Stored records
◆ ◆ ◆ ◆ ◆

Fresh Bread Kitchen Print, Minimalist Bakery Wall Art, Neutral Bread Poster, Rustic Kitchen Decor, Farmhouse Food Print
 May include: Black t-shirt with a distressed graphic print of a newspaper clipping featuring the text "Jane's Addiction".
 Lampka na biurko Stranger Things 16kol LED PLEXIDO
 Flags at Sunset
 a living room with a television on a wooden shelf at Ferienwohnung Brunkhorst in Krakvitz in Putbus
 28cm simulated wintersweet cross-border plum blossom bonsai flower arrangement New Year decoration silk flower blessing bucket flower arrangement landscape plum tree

◆ ◆ ◆ ◆ ◆

## [Description of the task]
Throughout the records above, find the lines in which the word "with" appears and return them.

## [Result of this task]
 May include: Black t-shirt with a distressed graphic print of a newspaper clipping featuring the text "Jane's Addiction".
 a living room with a television on a wooden shelf at Ferienwohnung Brunkhorst in Krakvitz in Putbus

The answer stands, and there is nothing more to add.